Monday, February 18, 2013

Here's a piece of a recent post by Kari Dell, one of the Fabulosity:

Since joining the board of directors at our local historical museum, my views on memoirs, family histories and even diaries have changed tremendously. I'd always thought of these things in one of two ways: either you had to live a big, important life to be worth writing about (aka, selling) or it only mattered to your family. Now I've seen how these personal accounts of a normal life can be a treasure trove for historians.

Rather than blathering on, I'm going to refer you to one of the masters, William Zinsser, whose book On Writing Well is considered a touchstone for non-fiction writers. This article from The American Scholar is a wonderful read:  How to Write a Memoir

From that article I condensed this nugget, a bit of advice any writer in any genre should heed:

"When you write...don't try to be a writer....Be yourself and your readers will follow you anywhere. Try to commit an act of writing and your readers will jump overboard to get away."

So write your story, large or small.
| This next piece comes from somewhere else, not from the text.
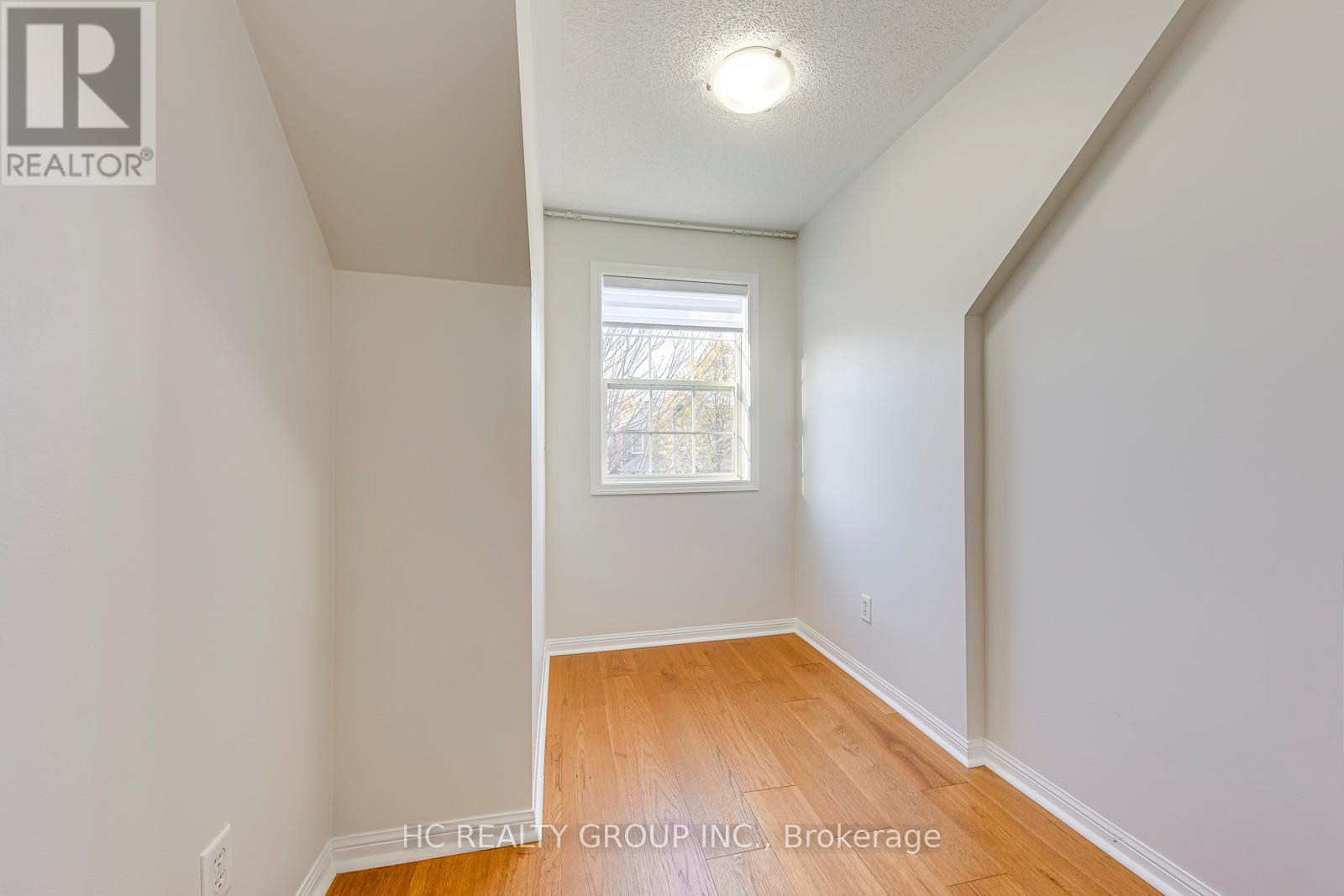 3045 Abernathy Way, Oakville, ON - Indoor Photo Showing Other Room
You never know what value they will hold for those to come.
could not have said it better myself (which is of course why Kari is the writer, and I am the ...not)


french sojourn said...

Sounds like a great flash fiction contest idea, hint, hint

BP said...

Wow. Beautiful. Letting go is often the hardest part for the self-conscious, under-confident writer type. Perhaps that is why our best writing stems out of tragedies; then we are not trying to write well or to hide ourselves - the raw emotions come out unabated and we are left with nothing but our humanity on paper.

Terri Lynn Coop said...

A few years ago my husband called me and said, "I'm standing in the dumpster behind the Baptist church. Is Boy Scout stuff any good?" (Yes, I got those calls often, why do you ask?)
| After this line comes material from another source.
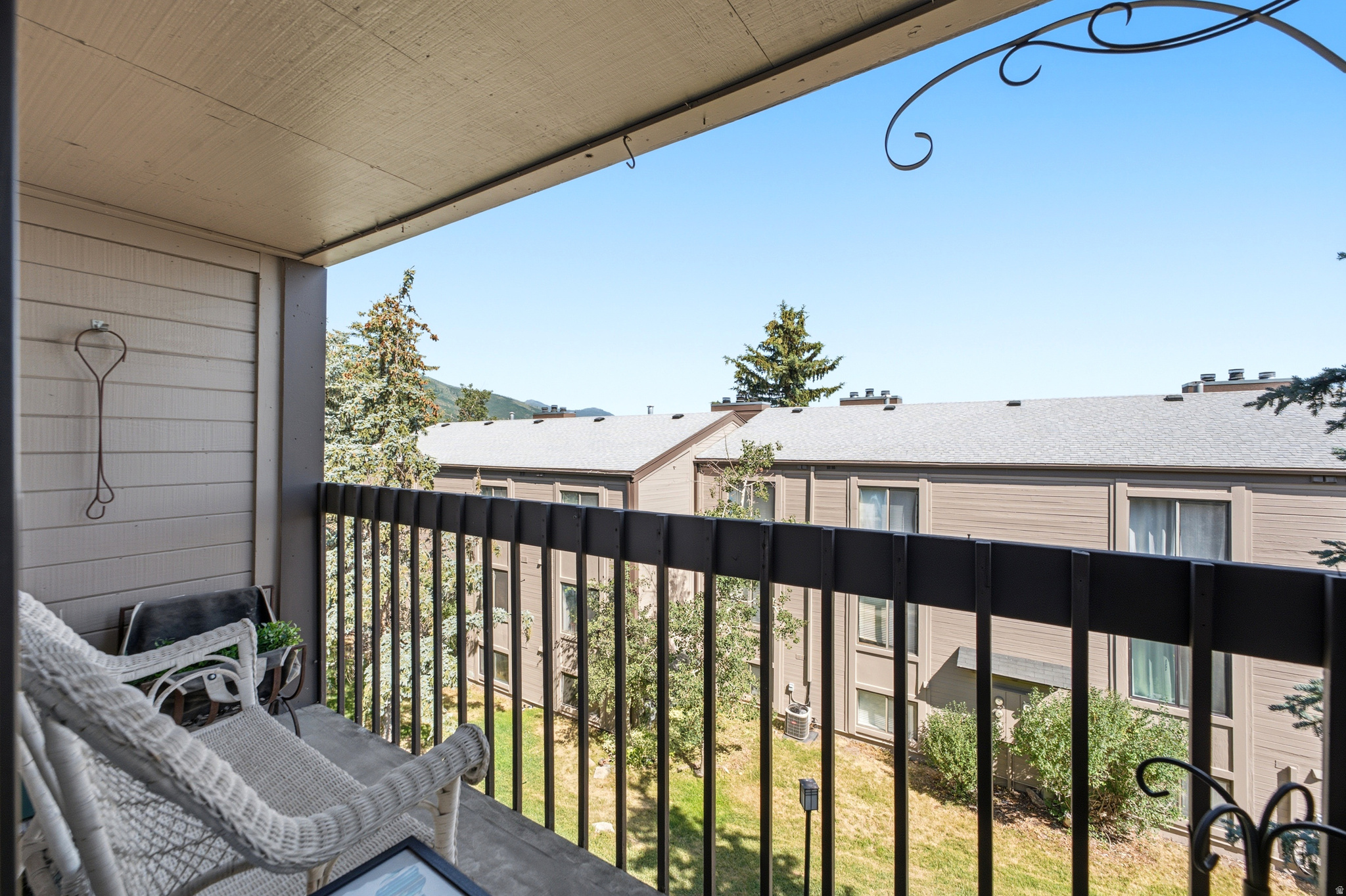 FIRESIDE CONDOMINIUMS - Residential Lease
I rushed down there and discovered that the church had cleaned its basement and loaded up the dumpster. Along with all the Boy Scout stuff (and yes, it is good, I sold one patch for $125), I found a little gem.
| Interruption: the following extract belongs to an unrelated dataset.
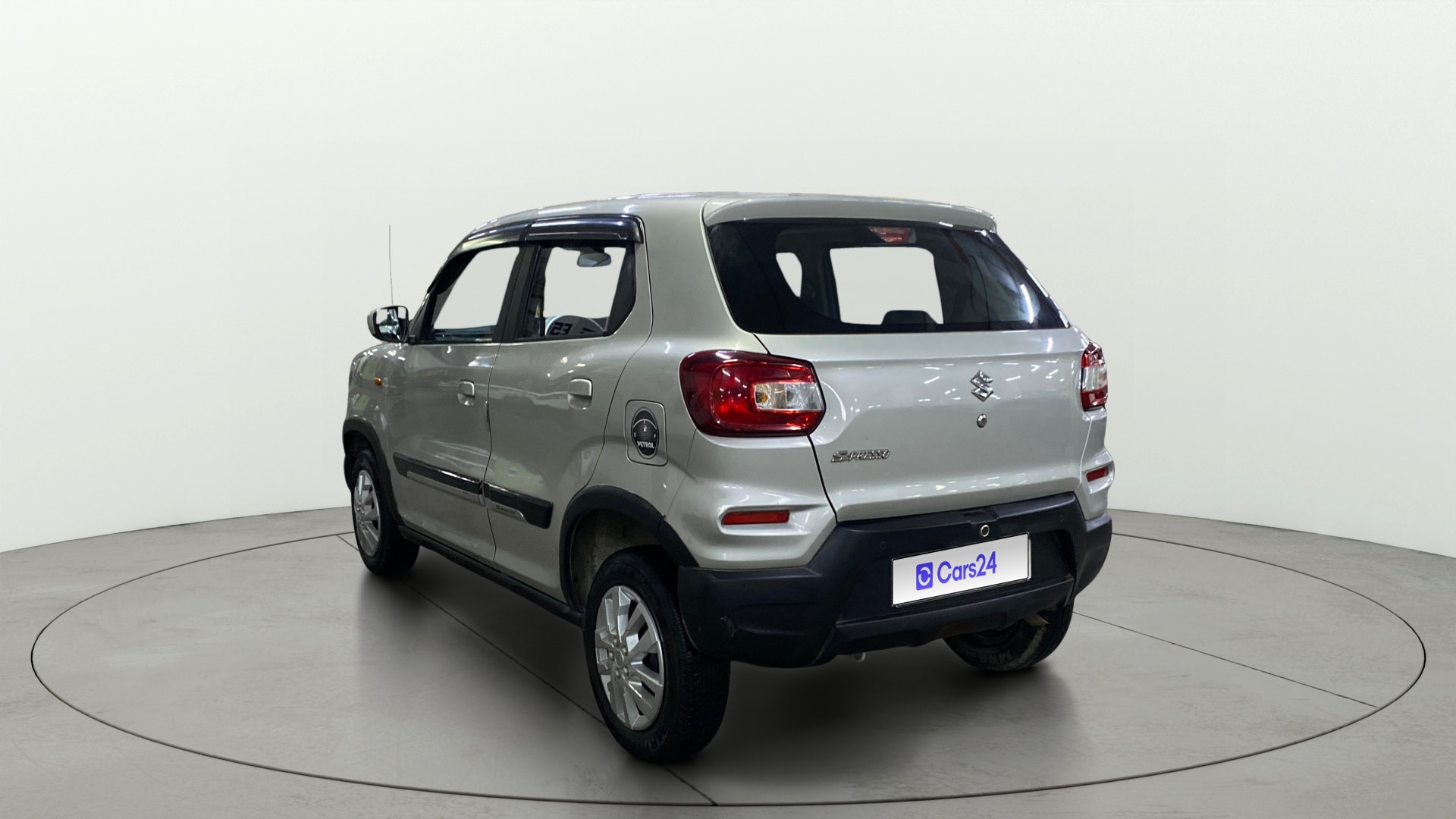 View 2021 Maruti Suzuki 1000 Base Variant Image 2 Used 2021 Maruti Suzuki 1000 Base Variant Image 2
In the 1930s, a church mission group had done a European tour. In a small black notebook was a hand-written diary of the trip, including watching the famed Passion Play in Germany. It was an amazing read. I sold it (because that is what I do) to a collector who will make sure it is shared and kept safe.

It is the little stories that make up our culture and collective consciousness. I am always encouraging people to get their elderly relatives to tell their stories.


Vanessa Shields said...

Natalie Goldberg's 'Old Friend From Far Away' is a great companion piece to Zinsser's. I used both when writing my memoir...and when I teach a memoir class.
Certainly, EVERYONE has amazing stories to tell about their life. It's about searching for, finding and getting them on the page.